Second, the Sino-Indian relationship is progressively deteriorating. As China has increased its presence around India and has begun to vigorously shape Asia’s strategic landscape to its advantage, India has adopted a much tougher and more decisive stance toward Beijing. The three episodes above clearly outline these dynamics. While this picture has been developing for a long time, it has emerged much more forcefully in recent years, as the rise of both powers has accelerated, Beijing’s influence in South Asia has increased and China has begun to establish the foundations of a new Asian order promoted through the BRI. This has enhanced the mistrust and the security dilemma between the two sides, already worsened by a long list of factors: instability on the border, the reinvigoration of the China-Pakistan alliance, the disappointing pace of Sino-Indian economic relations, naval and arms competition, and India’s rapprochement with the United States and Japan. The result has been a downward trajectory in China-India relations, which, if it continues unchecked, would turn the two sides into adversaries.

In short, China and India need to choose the future course of their relationship, and it is increasingly likely that ties would go in the wrong direction. The costs and risks of such a turn of events would be formidable, as would the missed opportunities for cooperation, trade ,and investment between Asia’s two giants.

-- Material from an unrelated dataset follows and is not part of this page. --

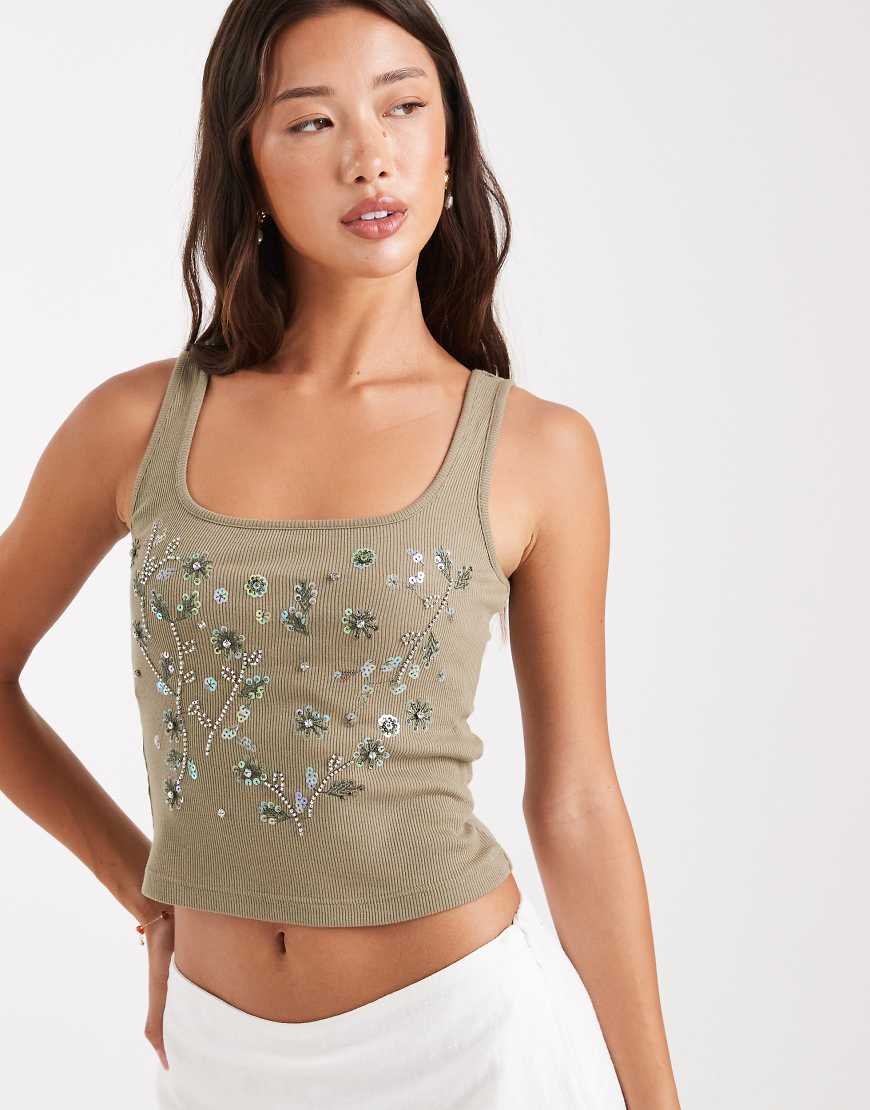 Miss Selfridge - Verziertes Camisole-Top in Salbeigrün von Miss Selfridge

To avoid such an outcome, both sides need to rethink their policy vis-à-vis each other and reshape their relationship.

Paradoxically, in a way, the events of 2017 provide a good starting point. The shock of the Doklam standoff and, to lesser extent, the BRI boycott have sent a warning that things are heading in the wrong direction. Hopefully this shock would foster a debate on how to change policy and improve relations before further deterioration occurs. A good way to start this debate is by asking why relations deteriorated so much in 2017 and how to navigate and address the issues and trends which produced this deterioration. Inevitably, such rethinking would be painful as it would require changing established positions, confronting hardliners domestically, and making difficult concessions. However, it is much better than the alternative: the emergence of an adversarial relationship between Beijing and Delhi.

2017 was a very bad year for China-India relations, leaving a heavy legacy for 2018. However, it also leaves homework for Beijing and Delhi; to rethink their deteriorating relations. If the two sides do their homework well, 2018 and the coming years might see a sorely needed improvement in one of Asia’s most important relationships.

Ivan Lidarev is a doctoral candidate at King’s College London, who specializes in China-India relations.